A veces, no muchas, aunque últimamente con más frecuencia de la que desearía, una luz extraña irrumpe en la calma del comienzo otoñal. Estalla sobre mí y, como un eco imposible, cubre Móstoles entero con un velo de caos sórdido, silencioso y vibrante, que presagia turbiedades más allá de lo comprensible.

Es una luz que no tiene nombre, que no se parece a nada que haya visto antes. No es fría ni cálida, y sin embargo toca cada superficie con una fuerza que es imposible ignorar. Las paredes de los edificios, los coches estacionados, incluso los charcos de lluvia reflejan un destello que parece latir, que parece respirar. A veces pienso que si estiro la mano podría tocar su pulso magnético y sentir la corriente que recorre la ciudad, y eso me aterra y me fascina a partes iguales.

Aletea durante uno o varios días, distorsionando todo a su paso y dejando un regusto metálico en mi lengua, en mis párpados y hasta en mis oídos. No me gusta nada. Trae consigo un desequilibrio extraño, como si alguien —o algo— dejara caer sobre nosotros una sábana pegajosa y traslúcida, casi eléctrica, que me obliga a caminar errante, distante, desconectado de la versión menos agorera y pesimista de mí mismo.

Es la misma luz que, unos días antes de la DANA, lo envolvió todo. Y ahora, hace no más de una semana y media, ha vuelto a visitarnos.

Me pregunto si los árboles también la sienten. Si sus hojas se estremecen cuando ella pasa.
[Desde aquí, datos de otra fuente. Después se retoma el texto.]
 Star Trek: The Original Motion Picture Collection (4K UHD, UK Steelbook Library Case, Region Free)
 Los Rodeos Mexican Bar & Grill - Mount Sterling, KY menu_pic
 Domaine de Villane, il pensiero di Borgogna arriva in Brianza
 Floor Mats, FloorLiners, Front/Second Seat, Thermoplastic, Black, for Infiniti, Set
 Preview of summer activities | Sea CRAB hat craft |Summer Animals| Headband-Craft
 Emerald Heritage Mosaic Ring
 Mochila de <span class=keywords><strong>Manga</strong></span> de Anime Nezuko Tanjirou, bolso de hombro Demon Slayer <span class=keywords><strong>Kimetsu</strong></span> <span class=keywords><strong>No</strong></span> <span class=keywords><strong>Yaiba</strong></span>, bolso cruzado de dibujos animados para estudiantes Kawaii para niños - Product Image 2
Si los gatos y perros del barrio huyen o se quedan paralizados bajo su brillo. No tengo claro si estoy preparado para comprender.

Quizá tú ni la veas ni la sientas, tan inmerso siempre en tus fugaces y estériles distracciones. Para ti pasa inadvertida. Pero hazme caso cuando te digo que algo está cambiando a nuestro alrededor. Algo se cuela por la rendija —al menos de mi mundo— y me advierte. Me trae un mensaje sutil pero certero, como un rayo de dulce hiel que no descansa ni cesa durante días. Después se marcha, pero su marca queda tejida en el tiempo y en el espacio.

Durante esos días siento que mi energía vital disminuye. Mire donde mire, no encuentro un paisaje urbano afinado en proporciones áureas ni perfectas.

Todo parece levemente inclinado, como si las líneas que contornean lo cotidiano se hubieran armado de difumino y dejaran escurrir, poco a poco, sobre el piso gris y eléctrico, los versos invisibles que sostienen la realidad que creemos ver, escuchar o percibir.

Las farolas parpadean de manera extraña. Las aceras no parecen del todo firmes bajo mis pies. Cada paso produce un leve crujido que no sé si proviene del cemento o de la misma extraña luz que lo tiñe todo.

Y a veces, al doblar una esquina, siento que los edificios me miran, que las ventanas se alinean para vigilarme, y me pregunto si no habré entrado en un Móstoles paralelo, uno que late y respira al margen del mundo conocido.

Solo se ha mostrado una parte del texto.